Alex Steinweiss, symphonie de pochettes


Le graphiste américain, inventeur de la pochette de disques, s’est éteint à 94 ans.

Acrylique sur toile de 1981 réalisée par Alex Steinwess pour le «Turandot» de Puccini. - Alex Steinwess
Alors que, graphiste débutant, ce «génial jeune Monsieur Je-Sais-Tout», comme il se décrivait, est engagé chez Columbia Records en 1939, il lance l’idée d’habiller la jaquette du disque d’une illustration artistique «pour la rendre accrocheuse». Il bouscule là les habitudes de la compagnie, qui ne le regrettera pas. En quelques mois, les ventes augmentent de 800 %.
Perfection. A partir de 1948, avec le «33 tours minutes», il pousse son concept et invente la jaquette en carton. «Ses pochettes d’album aux couleurs vives sortirent le magasin de disques de son atmosphère de bibliothèque… pour le remettre dans la course, sur Broadway et dans la vie», s’enthousiasme en 1947 le graphiste américain Will Burtin.
On trouve donc les admirateurs d’Alex Steinweiss du côté des bacs à disques vinyles et chez les fans de typographies, car il a révolutionné en styliste la façon dont la musique est présentée.«J’aime tellement la musique, répondait-il, et j’avais tellement d’ambition que j’étaisprêt à en faire beaucoup plus que ce pour quoi on pouvait bien me payer. Je voulais que les gens entendent la musique en voyant l’œuvre d’art.» Steinweiss a aussi intuitivement créé le profil du «directeur artistique», au bon moment : entre révolution industrielle du disque et mouvement moderne international, époque où l’on pensait que l’art et le design allaient dynamiser le monde.
Né à Brooklyn en 1917, Alex Steinweiss a fait ses études au lycée Abraham Lincoln, en enfant de la Grande Dépression, sous l’aile protectrice du directeur du département d’art, Leon Friend. Peu docile, ce créateur fiévreux sortira quand même diplômé de la Parsons School of Art and Design, et sera l’assistant du graphiste autrichien Joseph Binder. Pendant ces années, en quête de perfection, il s’imprègne du travail de de l’affichiste français Cassandre, du Bauhaus allemand avec László Moholy-Nagy et du constructivisme russe.
De toutes ces influences peut naître sa grammaire reconnaissable.
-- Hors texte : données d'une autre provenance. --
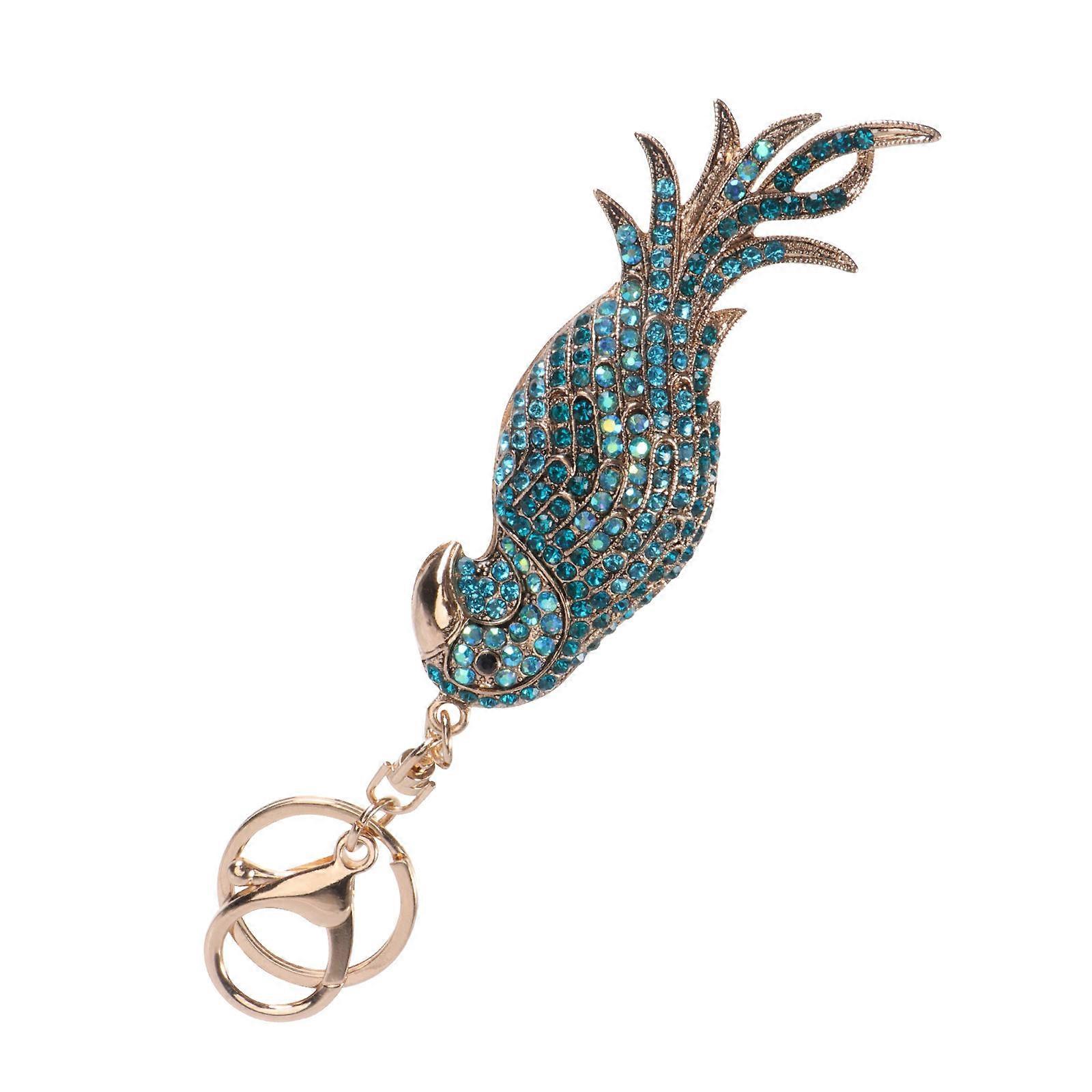 Creative Keychain 1Pcs Blue Durable Alloy Keychain Decor with Diamond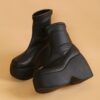 Brand-New-Gothic-Style-Sexy-Elegant-Chunky-Platform-Women-Ankle-Boots-Big-Size-43-Walking-Comfy Brand New Gothic Style Sexy Elegant Chunky Platform Women Ankle Boots Walking Comfy Woman Shoes Platform Shoes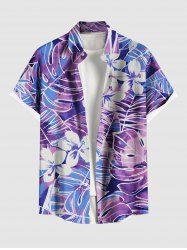 Plus Size Tropical Leaf Flowers Print Buttons Pocket Hawaii Shirt For Men -  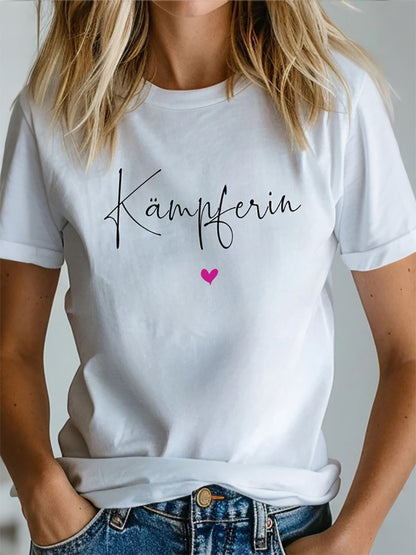 T-shirt imprimé de sensibilisation au cancer du sein pour femmes
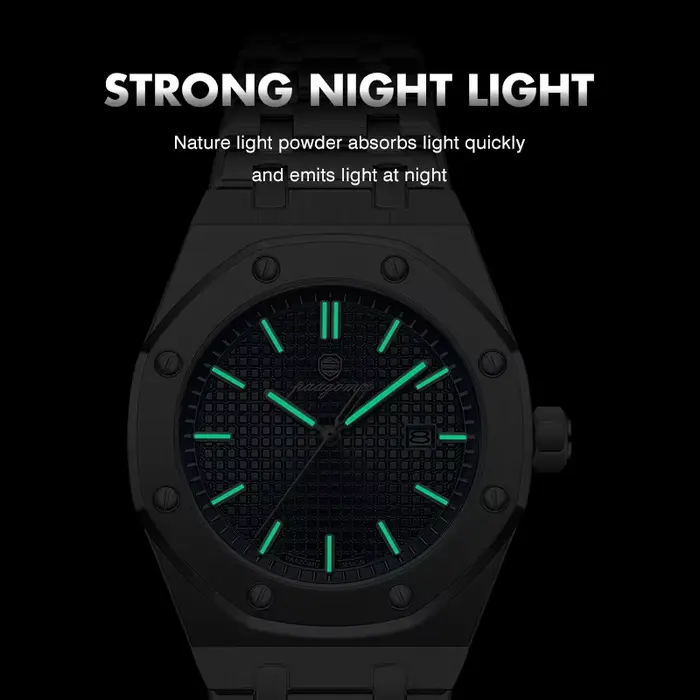 PAAZOMU luxe carré homme montre à Quartz étanche lumineux Date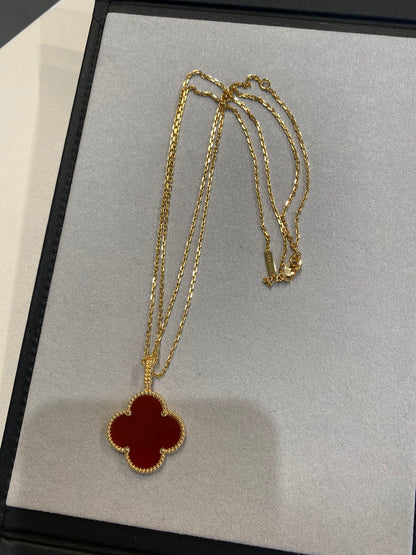 [ELAN LUXE]CLOVER 25MM NECKLACE GOLD CARNELIAN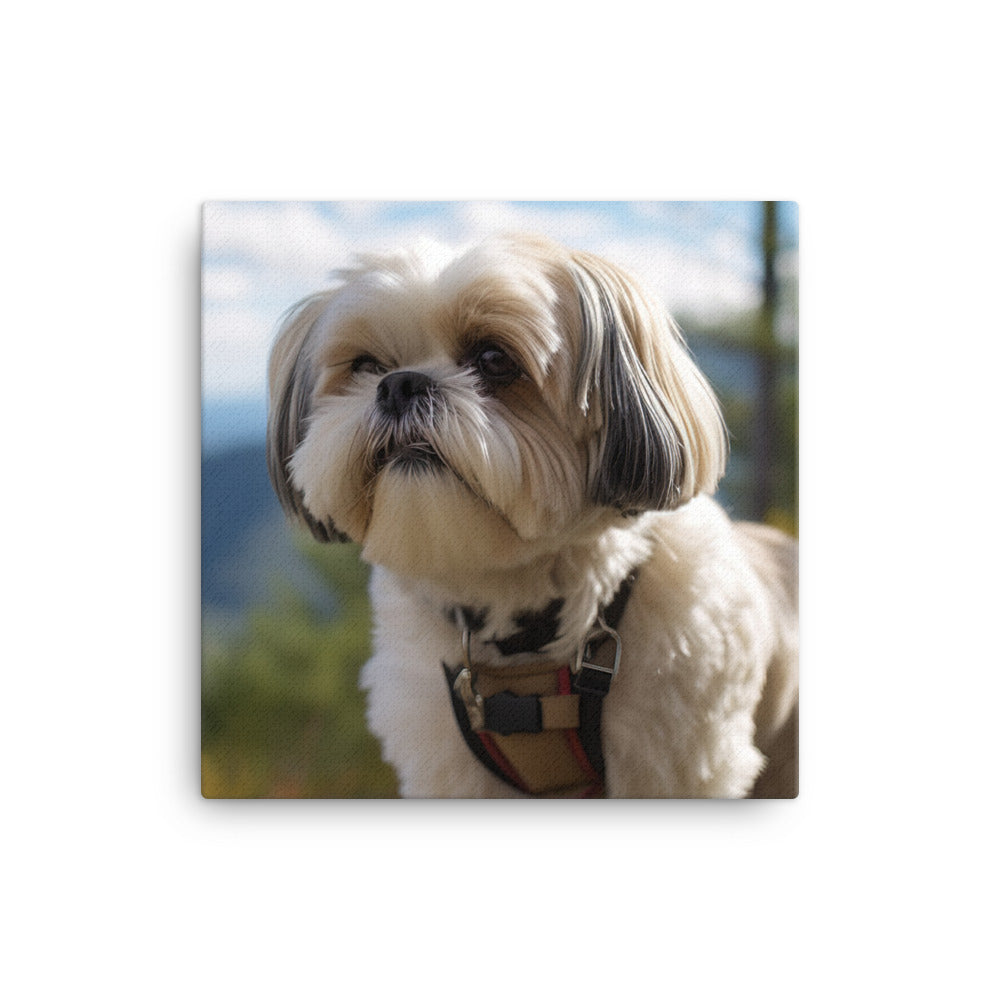 Adventurous Shih Tzu on a Hike Canvas - PosterfyAI.com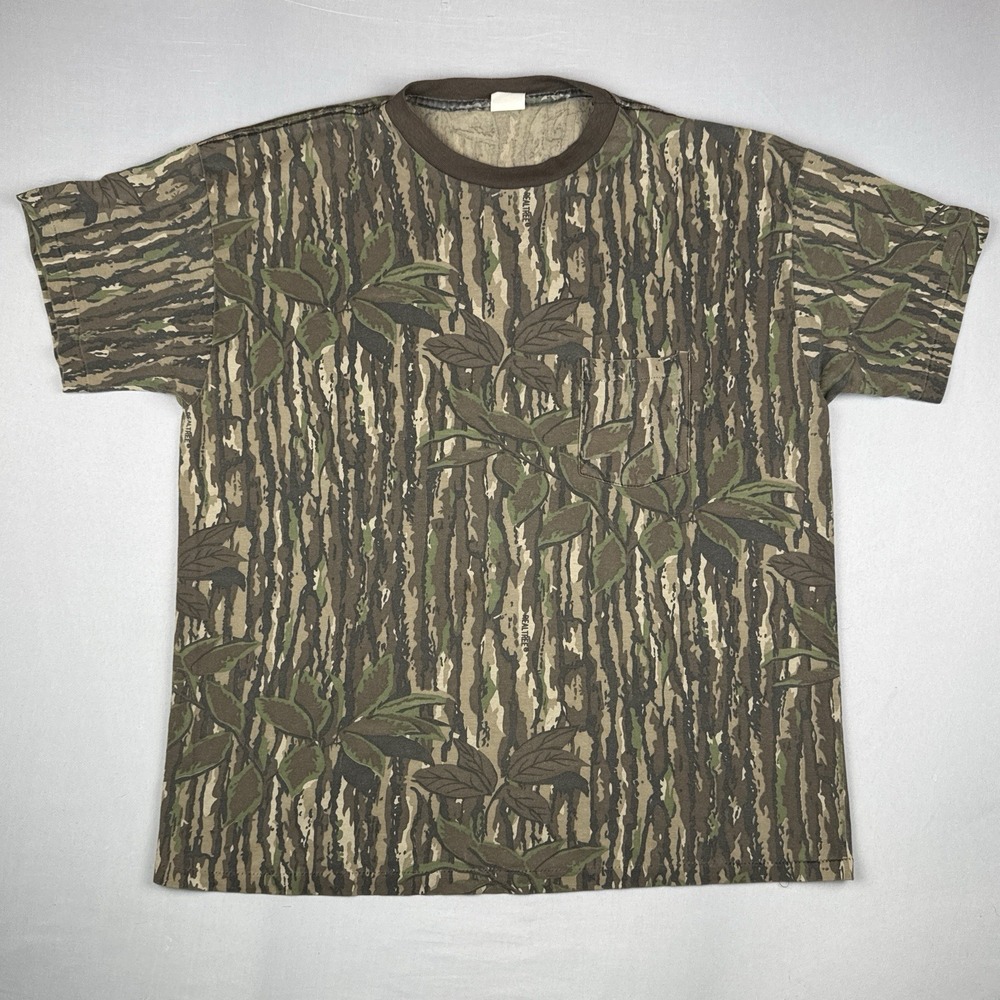 Vintage 80s RedHead Realtree Camo Pocket T Shirt USA Single Stitch Hunting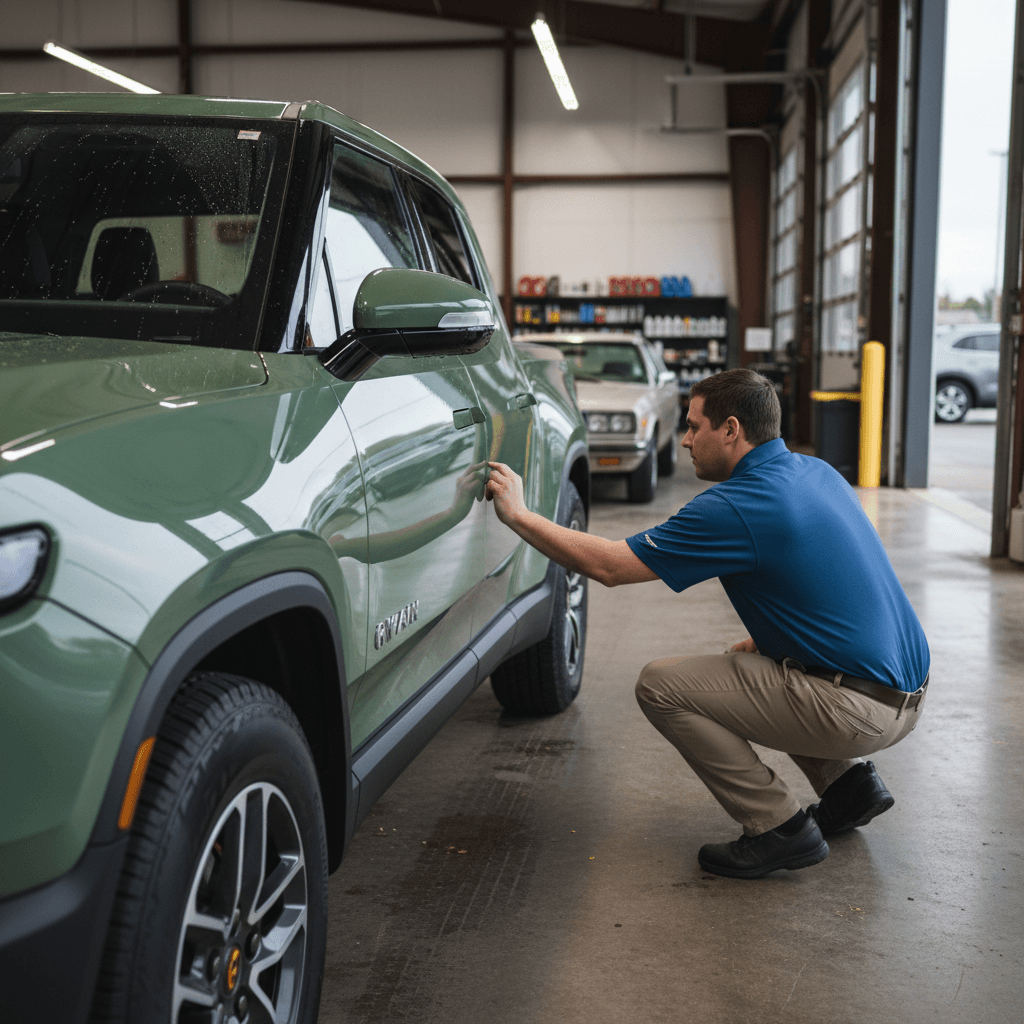 Salesperson appraising a 2024 Rivian R1T trade‑in on a dealer lot, checking the body and wheels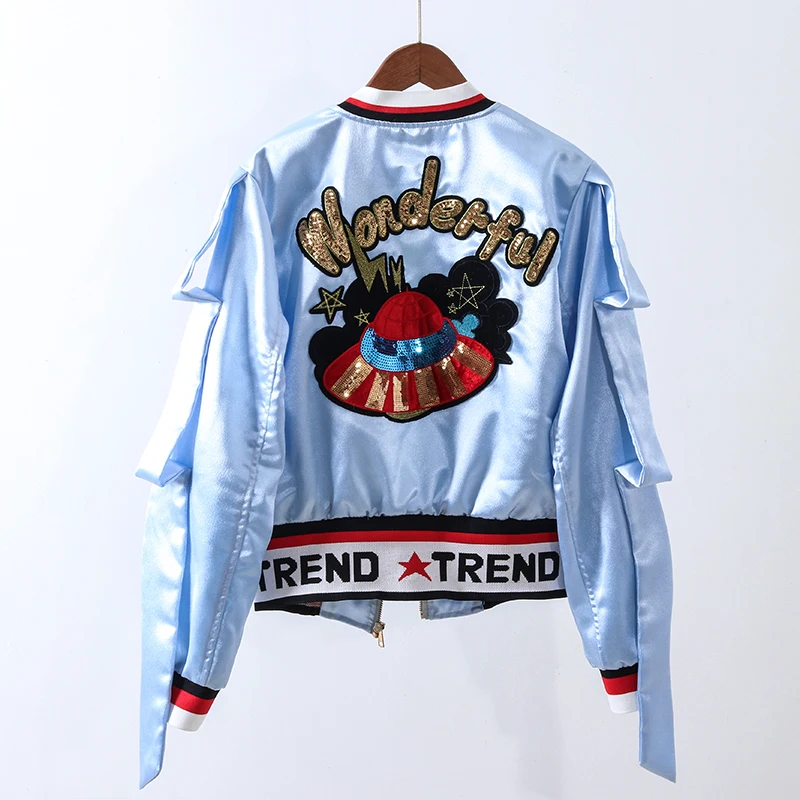 

2021 Spring Coat Trendy Girls Loose Black Applique Casual Tops Stand Collar Sequined Letters Hat Fall Womens Jackets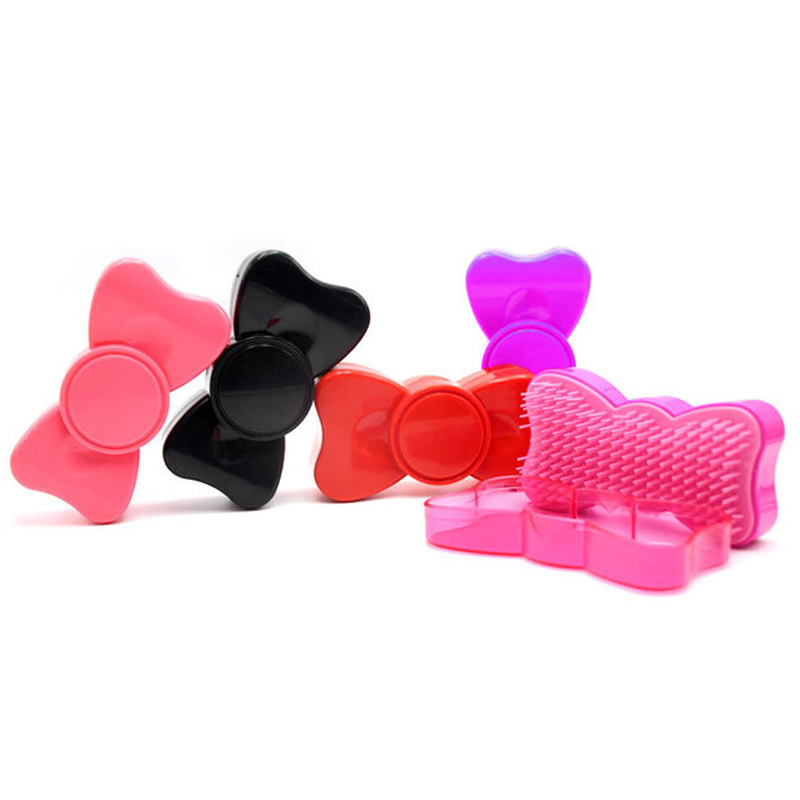 

2020 Real Hot Sale 1pc Portable Bowknot Hair Brush Comb For Girls Children Plastic Detangling Hairdressing Massage Hairbrush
Sur une affiche miniature, il optimise la surface avec une image centrale, applique couleurs et formes plates. Pas doctrinaire, il fait appel au surréalisme, au symbolisme, à l’affichisme, au cubisme. Pour Rhapsody in Blue, de George Gershwin, il plaça un piano sur fond bleu foncé, éclairé par un unique lampadaire.
Sa couverture du microsillon Songs of Free, de Paul Robeson, représente une main enchaînée tenant un poignard. C’est un de ses signes forts. Il choisissait des polices de caractères parfois élégantes, parfois fantaisistes, il a même créé son propre alphabet manuscrit, le «Steinweiss Scrawl», léger, expressif, dansant.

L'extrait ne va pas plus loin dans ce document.